# Coding and Billing For Er Docs



## sherryc (Nov 1, 2010)

Does anyone happen to know the going rate per chart  for coding and billing for the emergency physicians?


----------



## jimbo1231 (Nov 2, 2010)

*Depends*

Coding is usually charged on a per chart basis. Billing is usually charged on a % of collections. Usually the coding is included in the % of billing contracts. These days ED billing contracts are in the 6-9% of collections range. Coding can really vary. I charged 2.25 per chart. But prices have been driven down by off shoring of coding. But domestic I think is still 2-3.00 per chart for physician coding. Maybe 3-5.00 gor facility. Way less if sent to India.

Jim


----------



## sherryc (Nov 2, 2010)

Thanks Jim for your help.


----------



## yashicajackson9@yahoo.com (Dec 2, 2010)

sherryc said:


> Does anyone happen to know the going rate per chart  for coding and billing for the emergency physicians?

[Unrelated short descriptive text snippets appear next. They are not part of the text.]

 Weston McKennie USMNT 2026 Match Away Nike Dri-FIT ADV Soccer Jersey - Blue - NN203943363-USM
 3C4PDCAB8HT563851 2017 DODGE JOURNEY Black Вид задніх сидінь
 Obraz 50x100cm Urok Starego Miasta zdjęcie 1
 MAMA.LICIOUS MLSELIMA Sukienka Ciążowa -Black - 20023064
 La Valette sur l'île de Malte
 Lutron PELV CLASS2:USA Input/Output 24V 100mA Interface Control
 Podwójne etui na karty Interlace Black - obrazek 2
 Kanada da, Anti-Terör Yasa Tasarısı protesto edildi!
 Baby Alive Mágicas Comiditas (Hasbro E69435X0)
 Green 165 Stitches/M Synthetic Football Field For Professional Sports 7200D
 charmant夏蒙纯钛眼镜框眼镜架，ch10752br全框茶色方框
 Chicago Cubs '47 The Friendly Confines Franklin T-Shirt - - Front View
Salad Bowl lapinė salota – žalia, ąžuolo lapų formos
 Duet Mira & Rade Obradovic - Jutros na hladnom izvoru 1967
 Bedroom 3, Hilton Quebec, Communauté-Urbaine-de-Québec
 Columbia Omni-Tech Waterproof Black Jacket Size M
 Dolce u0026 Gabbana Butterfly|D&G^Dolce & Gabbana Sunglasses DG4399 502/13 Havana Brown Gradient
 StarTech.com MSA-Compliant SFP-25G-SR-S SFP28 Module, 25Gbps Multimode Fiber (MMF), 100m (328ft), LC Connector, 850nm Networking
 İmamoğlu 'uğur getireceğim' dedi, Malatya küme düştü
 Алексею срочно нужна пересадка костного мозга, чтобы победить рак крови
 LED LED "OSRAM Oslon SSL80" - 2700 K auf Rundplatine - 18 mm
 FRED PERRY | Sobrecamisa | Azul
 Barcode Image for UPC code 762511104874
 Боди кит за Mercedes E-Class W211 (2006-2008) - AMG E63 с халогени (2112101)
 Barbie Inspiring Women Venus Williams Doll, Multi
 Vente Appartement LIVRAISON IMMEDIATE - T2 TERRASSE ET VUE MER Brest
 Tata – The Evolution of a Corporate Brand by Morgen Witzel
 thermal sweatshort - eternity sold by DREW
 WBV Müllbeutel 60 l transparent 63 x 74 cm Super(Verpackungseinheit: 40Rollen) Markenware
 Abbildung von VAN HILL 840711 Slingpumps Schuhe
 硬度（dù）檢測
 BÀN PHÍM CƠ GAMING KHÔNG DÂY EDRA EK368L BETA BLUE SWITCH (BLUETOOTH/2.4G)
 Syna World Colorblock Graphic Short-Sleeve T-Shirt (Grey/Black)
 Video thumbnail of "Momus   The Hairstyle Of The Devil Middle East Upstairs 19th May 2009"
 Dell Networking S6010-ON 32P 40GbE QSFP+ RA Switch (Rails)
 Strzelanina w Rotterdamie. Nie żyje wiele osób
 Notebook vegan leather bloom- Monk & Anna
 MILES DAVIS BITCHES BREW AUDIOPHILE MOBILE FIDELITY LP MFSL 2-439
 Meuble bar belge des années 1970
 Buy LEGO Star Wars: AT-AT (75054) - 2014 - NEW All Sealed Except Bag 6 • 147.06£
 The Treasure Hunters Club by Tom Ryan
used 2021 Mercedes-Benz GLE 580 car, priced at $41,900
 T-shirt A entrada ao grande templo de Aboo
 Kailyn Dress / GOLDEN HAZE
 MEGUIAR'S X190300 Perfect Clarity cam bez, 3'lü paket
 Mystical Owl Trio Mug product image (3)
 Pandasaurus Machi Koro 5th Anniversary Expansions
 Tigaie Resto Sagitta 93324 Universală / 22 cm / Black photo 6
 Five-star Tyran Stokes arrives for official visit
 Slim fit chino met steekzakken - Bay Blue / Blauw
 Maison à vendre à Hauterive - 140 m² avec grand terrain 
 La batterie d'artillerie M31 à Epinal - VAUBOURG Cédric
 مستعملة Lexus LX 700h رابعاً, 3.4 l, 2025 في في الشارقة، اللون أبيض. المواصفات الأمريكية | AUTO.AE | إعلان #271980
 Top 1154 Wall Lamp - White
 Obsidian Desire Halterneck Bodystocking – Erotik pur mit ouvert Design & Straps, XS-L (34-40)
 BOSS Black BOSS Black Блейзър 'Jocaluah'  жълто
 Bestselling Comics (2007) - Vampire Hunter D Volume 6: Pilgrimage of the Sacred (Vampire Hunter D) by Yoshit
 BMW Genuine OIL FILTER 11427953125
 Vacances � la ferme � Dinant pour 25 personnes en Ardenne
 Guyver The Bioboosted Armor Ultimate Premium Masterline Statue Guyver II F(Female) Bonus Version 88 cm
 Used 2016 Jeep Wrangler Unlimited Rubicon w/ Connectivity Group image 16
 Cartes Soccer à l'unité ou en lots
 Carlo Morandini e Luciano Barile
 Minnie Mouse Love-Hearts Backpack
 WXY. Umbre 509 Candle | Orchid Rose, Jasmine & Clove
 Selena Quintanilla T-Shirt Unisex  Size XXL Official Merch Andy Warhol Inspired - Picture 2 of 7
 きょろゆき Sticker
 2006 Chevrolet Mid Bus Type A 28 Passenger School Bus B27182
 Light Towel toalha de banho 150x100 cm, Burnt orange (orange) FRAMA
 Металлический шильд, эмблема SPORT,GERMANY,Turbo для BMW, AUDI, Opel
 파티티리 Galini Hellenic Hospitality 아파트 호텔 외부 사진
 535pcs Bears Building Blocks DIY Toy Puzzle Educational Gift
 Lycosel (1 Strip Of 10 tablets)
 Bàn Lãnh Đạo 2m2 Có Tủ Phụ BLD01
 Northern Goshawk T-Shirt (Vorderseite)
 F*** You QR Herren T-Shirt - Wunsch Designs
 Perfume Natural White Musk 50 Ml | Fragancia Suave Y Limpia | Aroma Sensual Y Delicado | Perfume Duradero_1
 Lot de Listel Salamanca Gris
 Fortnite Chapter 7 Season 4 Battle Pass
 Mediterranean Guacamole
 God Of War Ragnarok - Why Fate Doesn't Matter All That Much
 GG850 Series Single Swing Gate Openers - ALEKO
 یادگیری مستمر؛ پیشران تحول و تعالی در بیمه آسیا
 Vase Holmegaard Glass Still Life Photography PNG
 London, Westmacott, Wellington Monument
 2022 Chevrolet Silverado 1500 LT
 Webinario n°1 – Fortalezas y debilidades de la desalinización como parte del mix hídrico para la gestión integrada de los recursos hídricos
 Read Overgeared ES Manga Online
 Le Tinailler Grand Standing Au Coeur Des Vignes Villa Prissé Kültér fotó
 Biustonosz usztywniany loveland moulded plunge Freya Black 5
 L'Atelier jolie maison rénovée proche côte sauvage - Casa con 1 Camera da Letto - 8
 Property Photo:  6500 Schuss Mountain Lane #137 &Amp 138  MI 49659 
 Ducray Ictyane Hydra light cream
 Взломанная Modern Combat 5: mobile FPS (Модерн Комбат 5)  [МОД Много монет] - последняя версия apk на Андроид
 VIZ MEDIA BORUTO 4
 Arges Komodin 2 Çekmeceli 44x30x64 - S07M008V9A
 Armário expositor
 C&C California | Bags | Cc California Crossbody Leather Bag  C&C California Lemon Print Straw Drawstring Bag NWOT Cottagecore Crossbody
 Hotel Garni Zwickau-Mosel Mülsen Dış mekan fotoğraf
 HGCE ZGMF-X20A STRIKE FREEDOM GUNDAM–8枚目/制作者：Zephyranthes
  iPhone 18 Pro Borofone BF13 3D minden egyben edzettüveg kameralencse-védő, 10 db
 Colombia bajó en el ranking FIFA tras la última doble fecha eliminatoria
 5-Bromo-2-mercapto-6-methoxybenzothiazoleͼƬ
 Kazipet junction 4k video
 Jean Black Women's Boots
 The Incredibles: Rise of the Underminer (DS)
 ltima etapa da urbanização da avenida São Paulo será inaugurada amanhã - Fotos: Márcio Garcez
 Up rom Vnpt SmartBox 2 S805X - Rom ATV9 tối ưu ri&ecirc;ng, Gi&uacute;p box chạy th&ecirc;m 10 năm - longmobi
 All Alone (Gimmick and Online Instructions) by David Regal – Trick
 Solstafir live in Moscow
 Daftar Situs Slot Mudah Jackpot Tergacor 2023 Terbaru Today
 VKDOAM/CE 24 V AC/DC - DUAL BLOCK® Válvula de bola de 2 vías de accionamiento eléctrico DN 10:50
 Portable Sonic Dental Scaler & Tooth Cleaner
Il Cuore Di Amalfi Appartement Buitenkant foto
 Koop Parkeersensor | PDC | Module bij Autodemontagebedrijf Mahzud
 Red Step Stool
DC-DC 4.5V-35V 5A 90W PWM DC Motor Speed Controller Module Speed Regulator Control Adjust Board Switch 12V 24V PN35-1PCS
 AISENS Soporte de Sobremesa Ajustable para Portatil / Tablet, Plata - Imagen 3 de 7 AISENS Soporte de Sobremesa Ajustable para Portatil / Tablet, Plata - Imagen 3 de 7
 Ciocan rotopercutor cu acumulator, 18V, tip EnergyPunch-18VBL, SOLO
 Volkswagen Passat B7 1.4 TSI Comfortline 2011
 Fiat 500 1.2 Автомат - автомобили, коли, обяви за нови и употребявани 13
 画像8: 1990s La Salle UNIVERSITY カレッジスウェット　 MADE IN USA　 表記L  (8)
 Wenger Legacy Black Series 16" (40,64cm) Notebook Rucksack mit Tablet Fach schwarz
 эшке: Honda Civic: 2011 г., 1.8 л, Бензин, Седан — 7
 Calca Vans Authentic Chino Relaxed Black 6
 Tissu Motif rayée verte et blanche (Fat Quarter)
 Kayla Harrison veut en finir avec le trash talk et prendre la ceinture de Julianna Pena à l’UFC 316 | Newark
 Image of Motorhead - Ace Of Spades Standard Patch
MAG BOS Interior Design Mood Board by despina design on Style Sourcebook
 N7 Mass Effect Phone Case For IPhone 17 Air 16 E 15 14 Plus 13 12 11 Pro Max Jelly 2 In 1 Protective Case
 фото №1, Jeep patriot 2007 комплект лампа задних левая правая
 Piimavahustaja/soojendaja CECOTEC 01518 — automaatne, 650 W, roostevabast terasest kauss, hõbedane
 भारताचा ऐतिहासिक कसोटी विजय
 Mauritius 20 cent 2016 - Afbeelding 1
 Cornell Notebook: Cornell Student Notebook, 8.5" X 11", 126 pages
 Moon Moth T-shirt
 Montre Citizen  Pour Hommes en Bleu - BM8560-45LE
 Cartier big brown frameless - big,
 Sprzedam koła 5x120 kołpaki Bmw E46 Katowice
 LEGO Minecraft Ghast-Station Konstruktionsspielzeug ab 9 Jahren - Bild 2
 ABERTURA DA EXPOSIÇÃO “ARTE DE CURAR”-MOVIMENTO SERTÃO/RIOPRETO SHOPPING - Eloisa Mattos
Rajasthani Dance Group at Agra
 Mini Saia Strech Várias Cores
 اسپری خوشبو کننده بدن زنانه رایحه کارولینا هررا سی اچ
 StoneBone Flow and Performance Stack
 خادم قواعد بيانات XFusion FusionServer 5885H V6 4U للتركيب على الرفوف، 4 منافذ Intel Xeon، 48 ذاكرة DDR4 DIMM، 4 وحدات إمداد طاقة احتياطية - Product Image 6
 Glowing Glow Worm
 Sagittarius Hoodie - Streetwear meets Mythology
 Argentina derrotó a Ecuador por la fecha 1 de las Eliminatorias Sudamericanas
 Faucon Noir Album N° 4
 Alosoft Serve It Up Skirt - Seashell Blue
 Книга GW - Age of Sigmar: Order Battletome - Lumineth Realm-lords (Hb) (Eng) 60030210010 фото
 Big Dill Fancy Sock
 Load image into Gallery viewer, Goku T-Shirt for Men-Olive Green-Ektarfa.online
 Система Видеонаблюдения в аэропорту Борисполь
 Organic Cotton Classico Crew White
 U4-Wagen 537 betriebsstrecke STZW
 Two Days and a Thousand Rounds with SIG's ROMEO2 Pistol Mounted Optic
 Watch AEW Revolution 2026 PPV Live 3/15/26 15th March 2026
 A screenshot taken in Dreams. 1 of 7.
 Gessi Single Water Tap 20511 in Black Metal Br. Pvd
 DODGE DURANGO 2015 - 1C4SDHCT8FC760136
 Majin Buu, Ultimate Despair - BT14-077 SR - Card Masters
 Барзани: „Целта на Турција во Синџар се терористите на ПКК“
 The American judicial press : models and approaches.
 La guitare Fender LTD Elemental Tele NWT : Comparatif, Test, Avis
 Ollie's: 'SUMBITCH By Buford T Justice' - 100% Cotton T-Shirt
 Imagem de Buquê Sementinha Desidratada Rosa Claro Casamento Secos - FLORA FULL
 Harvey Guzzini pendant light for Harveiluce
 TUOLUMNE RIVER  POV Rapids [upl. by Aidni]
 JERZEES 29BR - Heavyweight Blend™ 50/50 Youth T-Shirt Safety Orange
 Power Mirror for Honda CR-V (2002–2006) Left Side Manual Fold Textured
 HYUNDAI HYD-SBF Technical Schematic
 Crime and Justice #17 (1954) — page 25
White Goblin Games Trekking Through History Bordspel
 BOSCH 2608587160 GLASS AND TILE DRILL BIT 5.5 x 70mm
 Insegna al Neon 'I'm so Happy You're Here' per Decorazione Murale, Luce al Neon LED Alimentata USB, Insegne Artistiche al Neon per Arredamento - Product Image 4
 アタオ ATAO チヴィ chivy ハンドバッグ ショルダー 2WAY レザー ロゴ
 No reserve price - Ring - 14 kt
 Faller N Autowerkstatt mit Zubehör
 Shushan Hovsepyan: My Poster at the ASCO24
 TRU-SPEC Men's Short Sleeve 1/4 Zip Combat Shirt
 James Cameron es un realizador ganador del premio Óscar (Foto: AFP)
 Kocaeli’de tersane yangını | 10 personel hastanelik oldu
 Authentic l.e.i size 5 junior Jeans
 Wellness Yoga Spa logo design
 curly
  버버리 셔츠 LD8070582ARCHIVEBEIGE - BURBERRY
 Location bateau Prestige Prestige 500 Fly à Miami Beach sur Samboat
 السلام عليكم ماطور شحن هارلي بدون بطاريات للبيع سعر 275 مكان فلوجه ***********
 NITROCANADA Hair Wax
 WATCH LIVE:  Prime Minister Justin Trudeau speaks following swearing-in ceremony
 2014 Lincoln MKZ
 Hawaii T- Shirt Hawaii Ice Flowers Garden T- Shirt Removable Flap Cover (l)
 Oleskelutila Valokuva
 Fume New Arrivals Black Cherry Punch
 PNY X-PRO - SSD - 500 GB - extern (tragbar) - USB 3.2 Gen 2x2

Probably about 3.00 per chart. Coding is usually charged on a per chart basis. Billing is usually charged on a % of collections. Usually the coding is included in the % of billing contracts. These days ED billing contracts are in the 6-9% of collections range. Coding can really vary. I charged 2.25 per chart. But prices have been driven down by off shoring of coding. But domestic I think is still 2-3.00 per chart for physician coding. Maybe 3-5.00 gor facility. Way less if sent to India.


----------



## racheleporterwilliams (Jan 5, 2011)

wow...thanks for the info...wow


----------



## jimbo1231 (Jan 6, 2011)

*ED Coding and Billing*

Just wondering if your wow was prices seem high or low. Do you have an ED coding/billing opportunnity?

Jim S.


----------